(WHAT IS REQUIRED) Your copy should match the records below word for word and contain no pictures.

-- DATASET RECORDS follows --

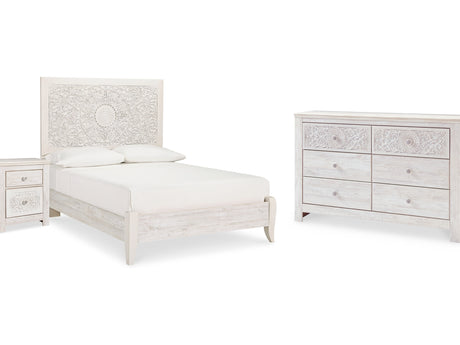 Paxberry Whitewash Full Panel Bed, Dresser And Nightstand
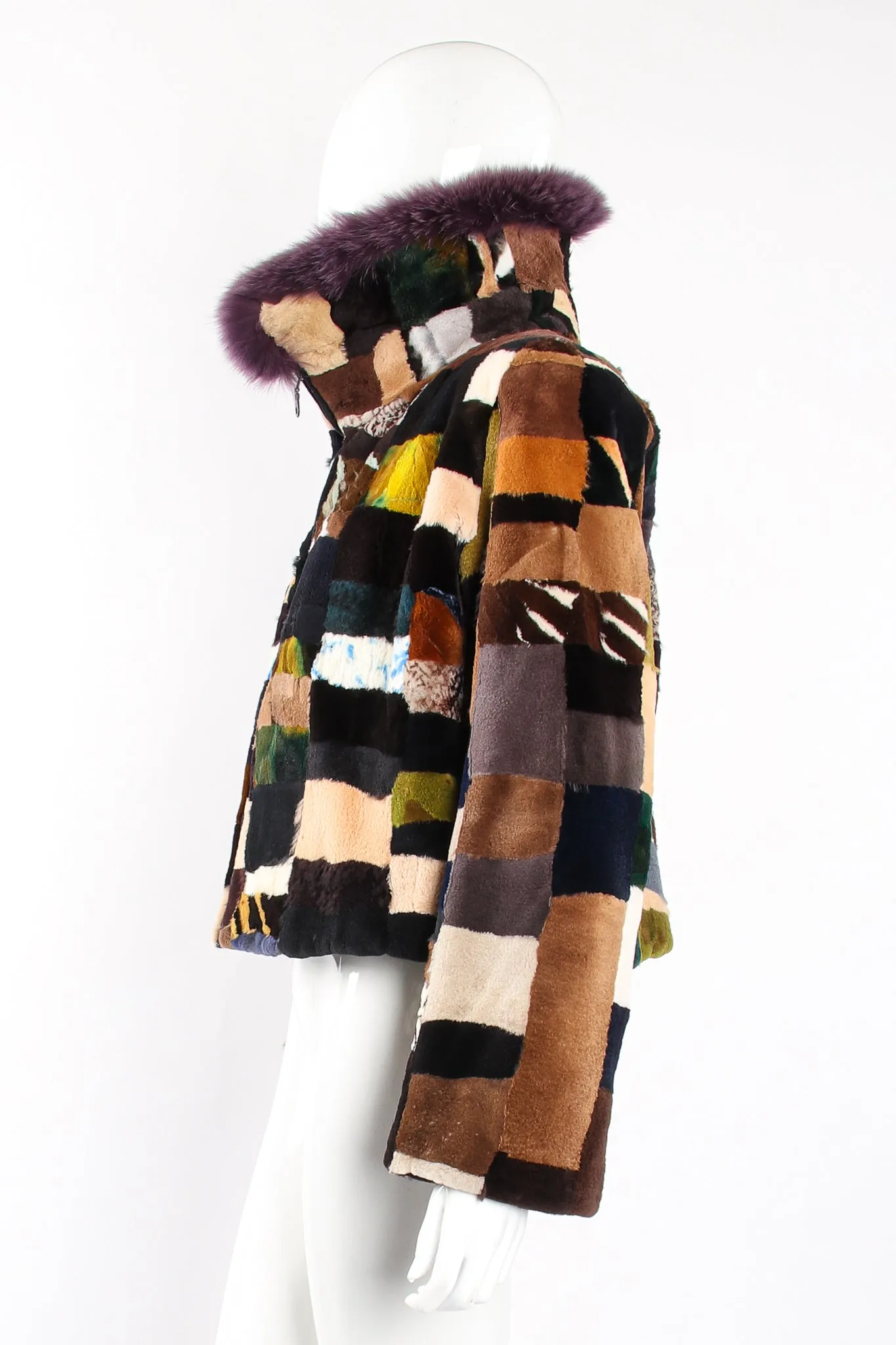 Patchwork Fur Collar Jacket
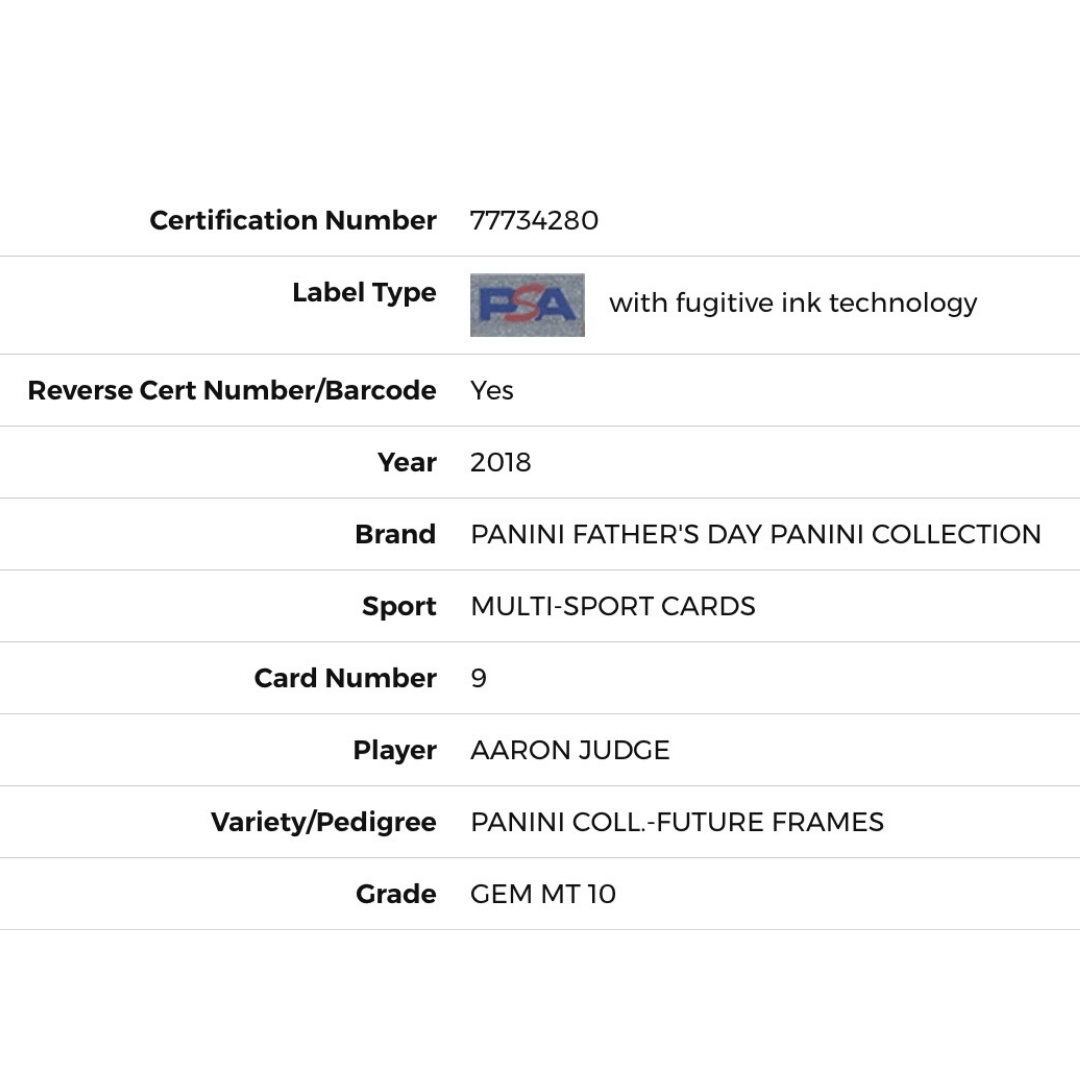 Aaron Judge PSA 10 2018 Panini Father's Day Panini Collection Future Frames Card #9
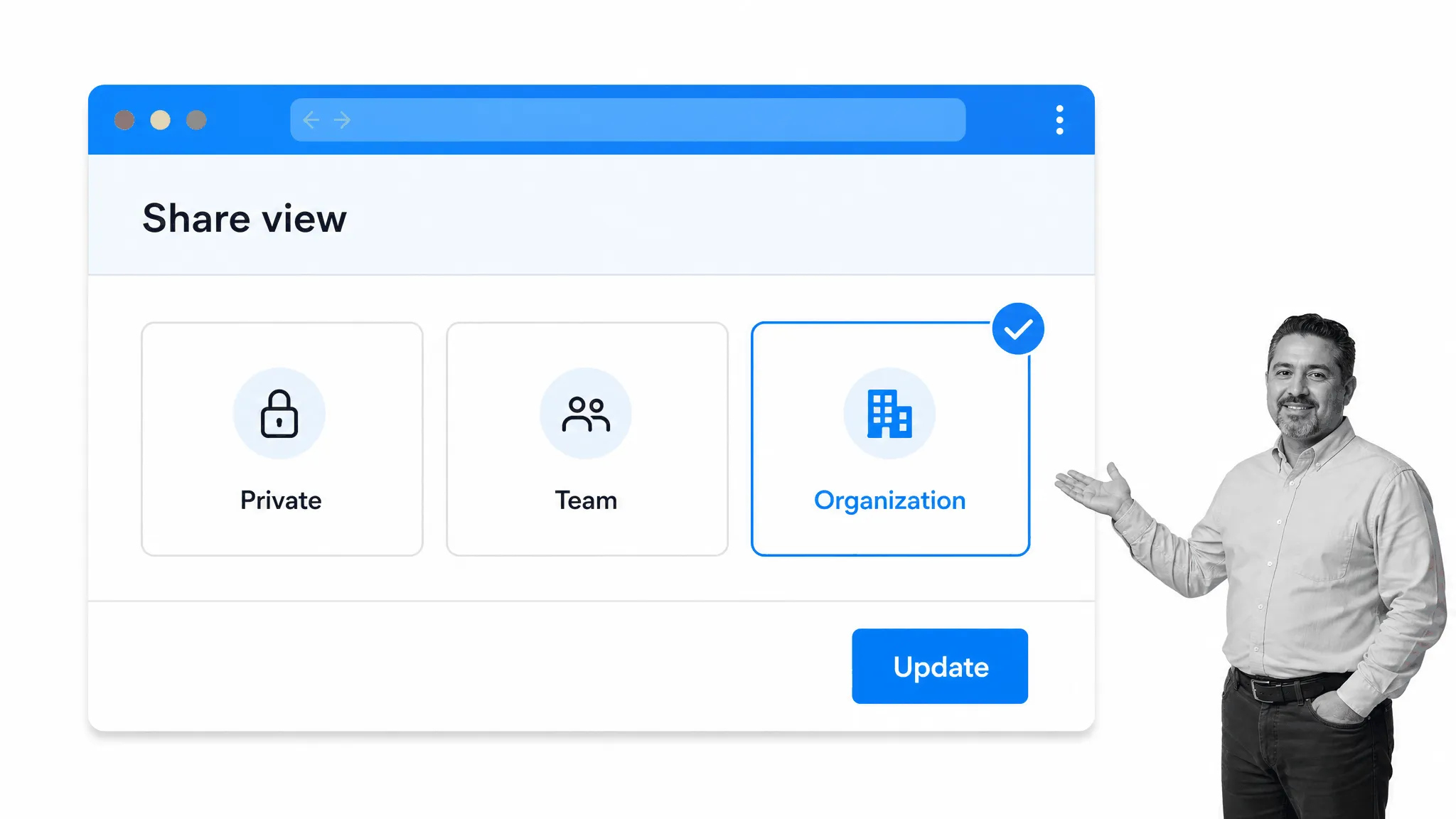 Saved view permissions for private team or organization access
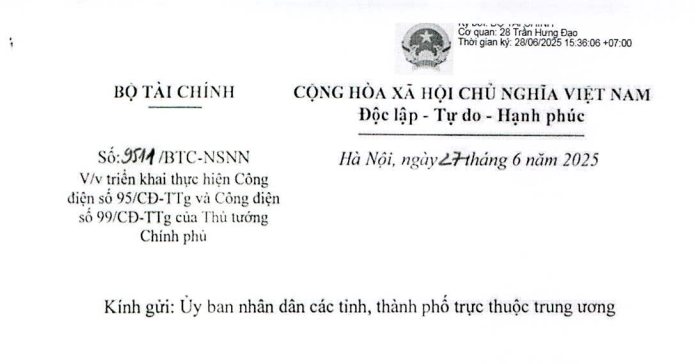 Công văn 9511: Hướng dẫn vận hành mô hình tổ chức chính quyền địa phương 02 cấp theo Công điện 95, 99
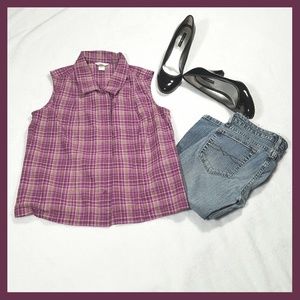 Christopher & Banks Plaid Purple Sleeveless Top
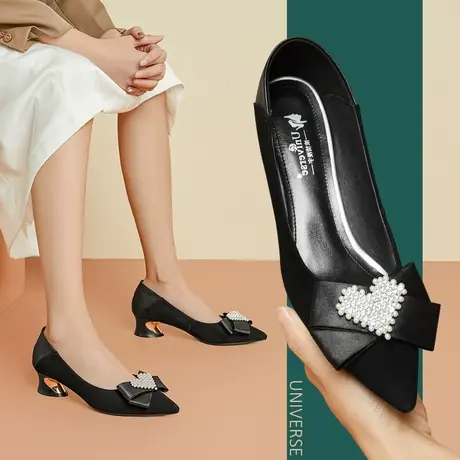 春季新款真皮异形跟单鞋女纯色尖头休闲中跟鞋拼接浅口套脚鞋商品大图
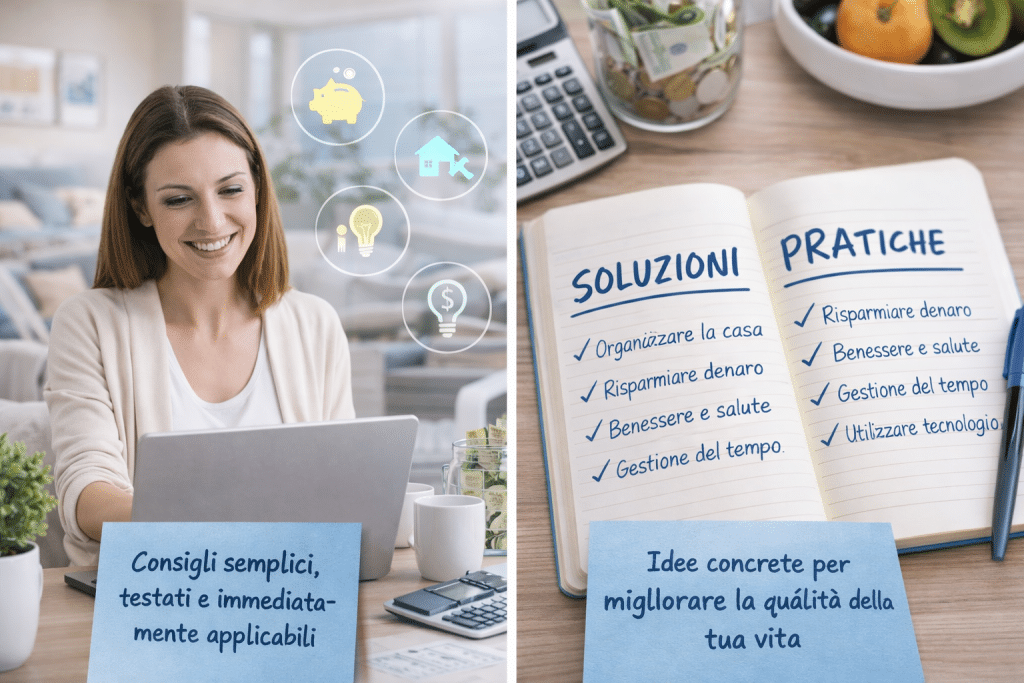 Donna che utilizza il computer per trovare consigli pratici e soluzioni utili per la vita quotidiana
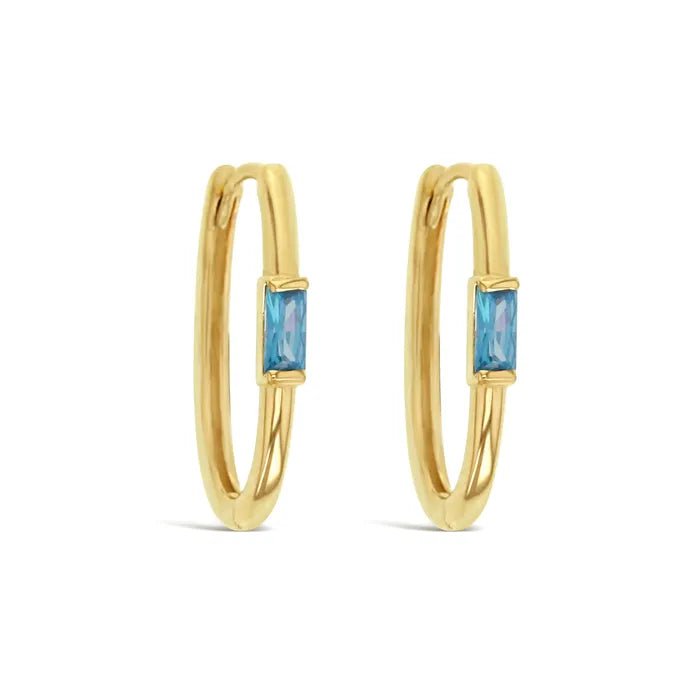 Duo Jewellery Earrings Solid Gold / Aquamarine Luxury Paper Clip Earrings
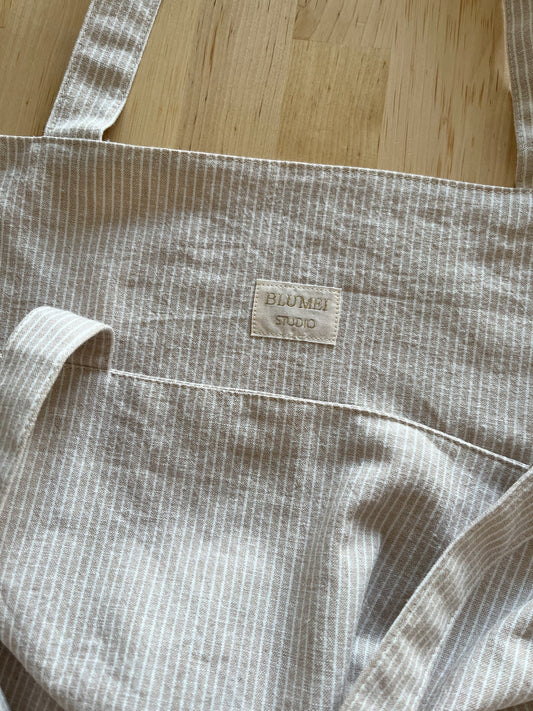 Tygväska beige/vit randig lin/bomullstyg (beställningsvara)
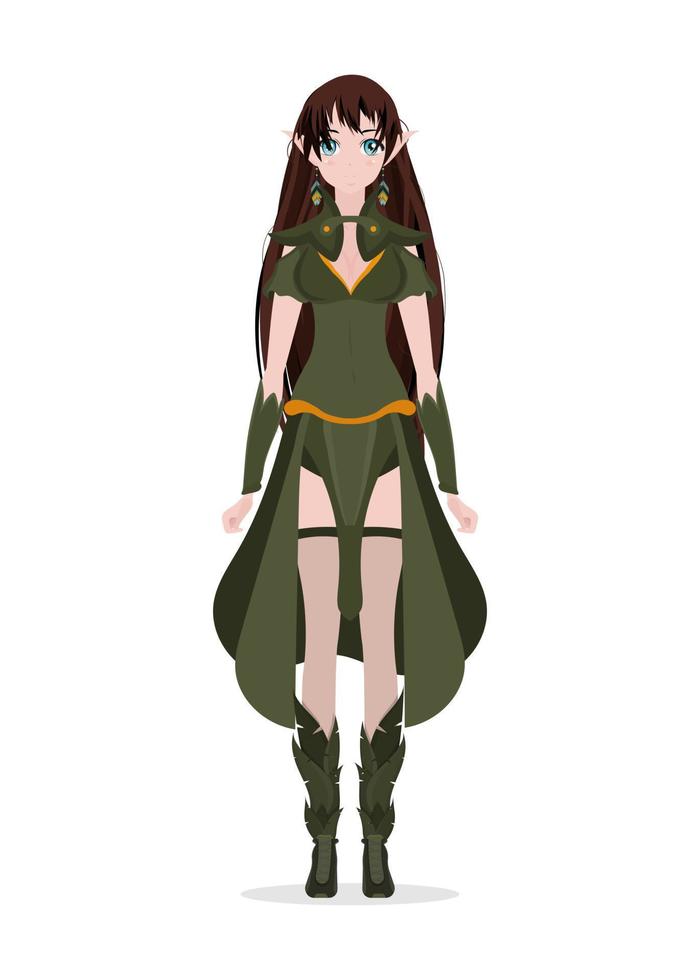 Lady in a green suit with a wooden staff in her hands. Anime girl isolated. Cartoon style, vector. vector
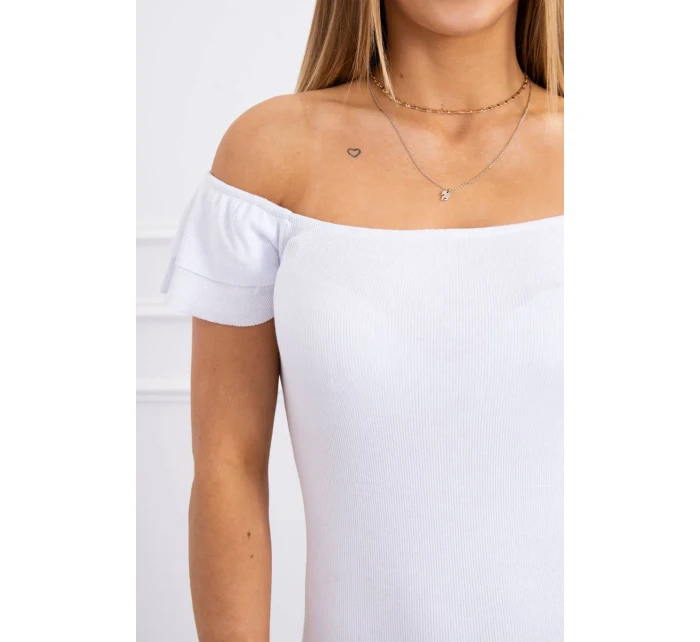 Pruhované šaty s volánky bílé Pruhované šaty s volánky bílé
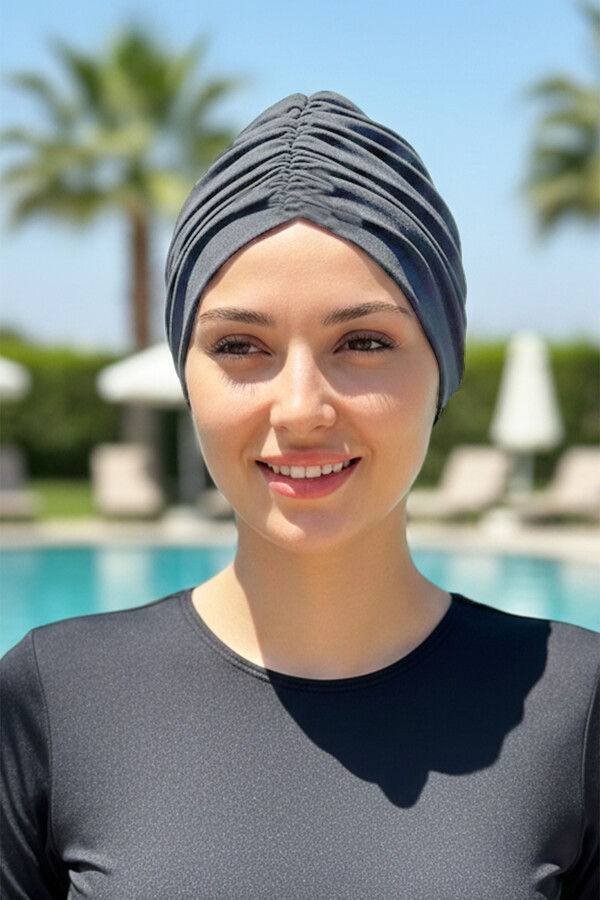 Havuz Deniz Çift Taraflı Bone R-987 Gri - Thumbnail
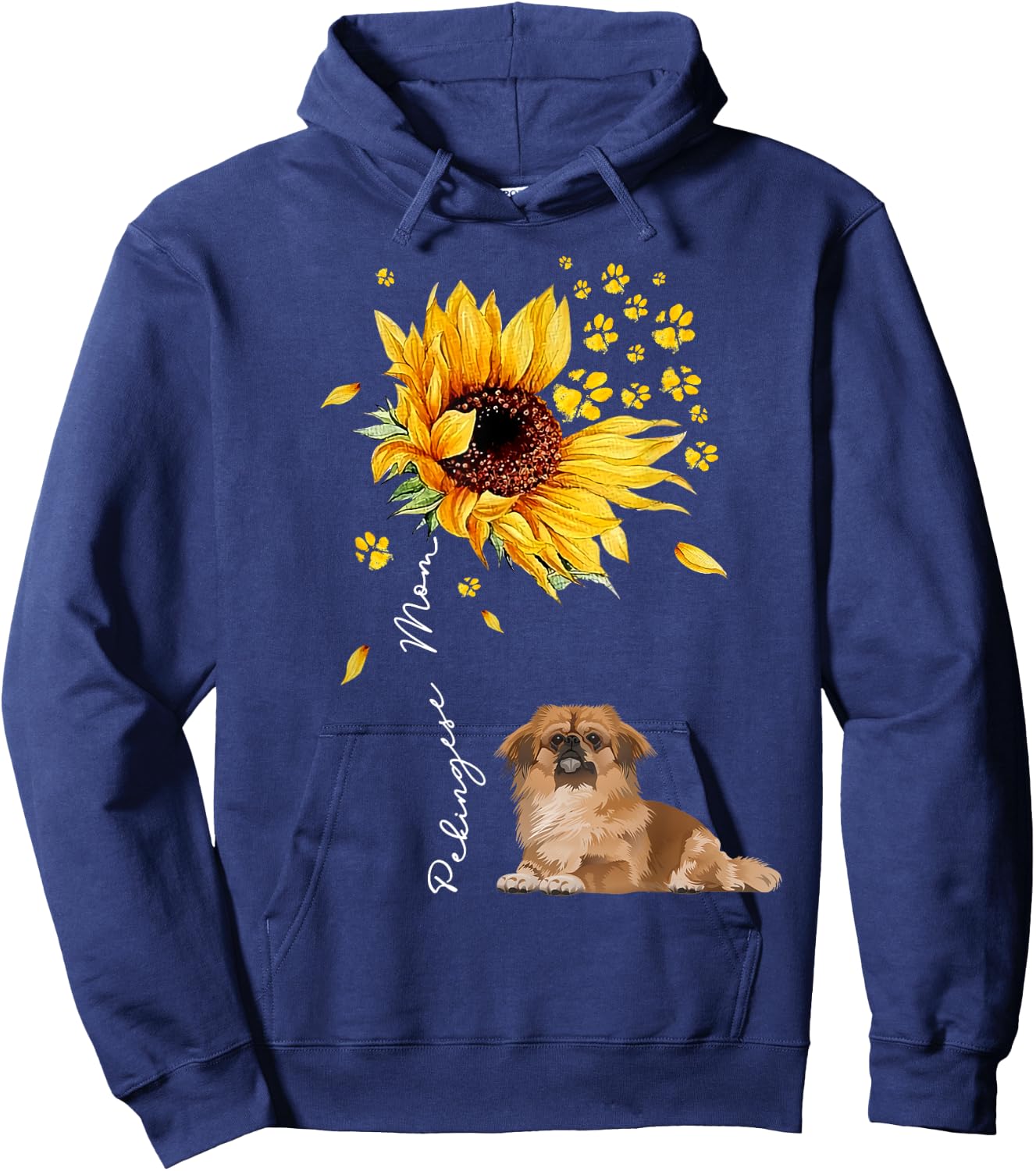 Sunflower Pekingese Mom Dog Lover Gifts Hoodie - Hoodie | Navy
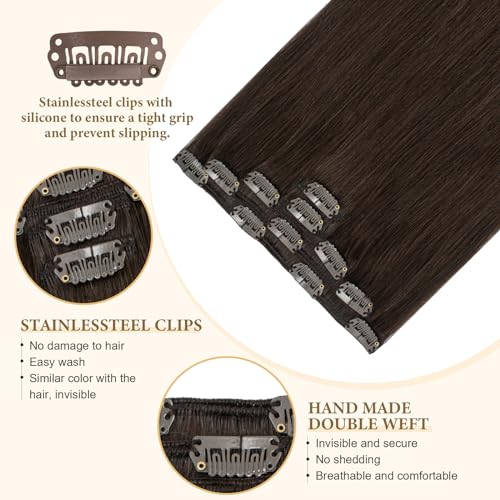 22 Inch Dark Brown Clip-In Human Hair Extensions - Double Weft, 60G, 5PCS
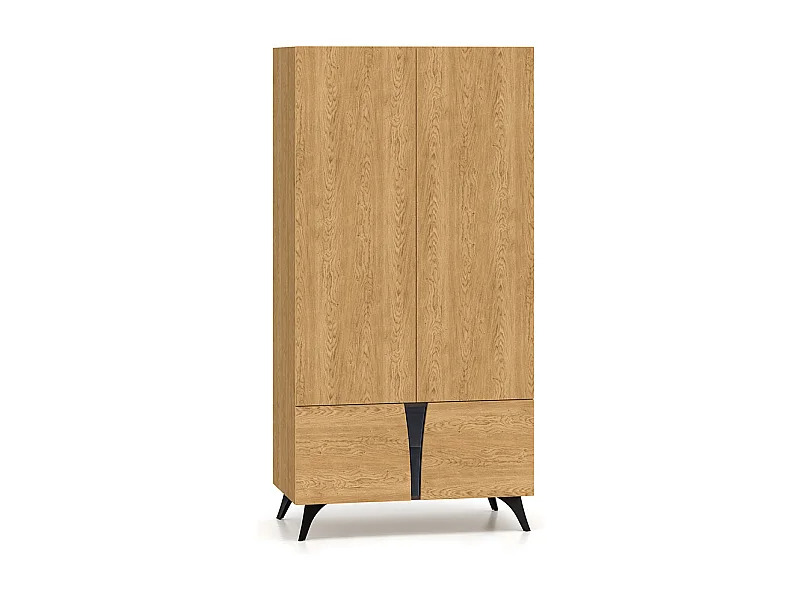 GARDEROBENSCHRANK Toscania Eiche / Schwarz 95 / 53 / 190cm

-- DATASET RECORDS concluded --

(EXPECTED ANSWER)
 Paxberry Whitewash Full Panel Bed, Dresser And Nightstand
 Patchwork Fur Collar Jacket
 Aaron Judge PSA 10 2018 Panini Father's Day Panini Collection Future Frames Card #9
 Saved view permissions for private team or organization access
 Công văn 9511: Hướng dẫn vận hành mô hình tổ chức chính quyền địa phương 02 cấp theo Công điện 95, 99
 Christopher & Banks Plaid Purple Sleeveless Top
 春季新款真皮异形跟单鞋女纯色尖头休闲中跟鞋拼接浅口套脚鞋商品大图
 Donna che utilizza il computer per trovare consigli pratici e soluzioni utili per la vita quotidiana
 Duo Jewellery Earrings Solid Gold / Aquamarine Luxury Paper Clip Earrings
 Tygväska beige/vit randig lin/bomullstyg (beställningsvara)
 Lady in a green suit with a wooden staff in her hands. Anime girl isolated. Cartoon style, vector. vector
 Pruhované šaty s volánky bílé Pruhované šaty s volánky bílé
 Havuz Deniz Çift Taraflı Bone R-987 Gri - Thumbnail
 Sunflower Pekingese Mom Dog Lover Gifts Hoodie - Hoodie | Navy
 22 Inch Dark Brown Clip-In Human Hair Extensions - Double Weft, 60G, 5PCS
 GARDEROBENSCHRANK Toscania Eiche / Schwarz 95 / 53 / 190cm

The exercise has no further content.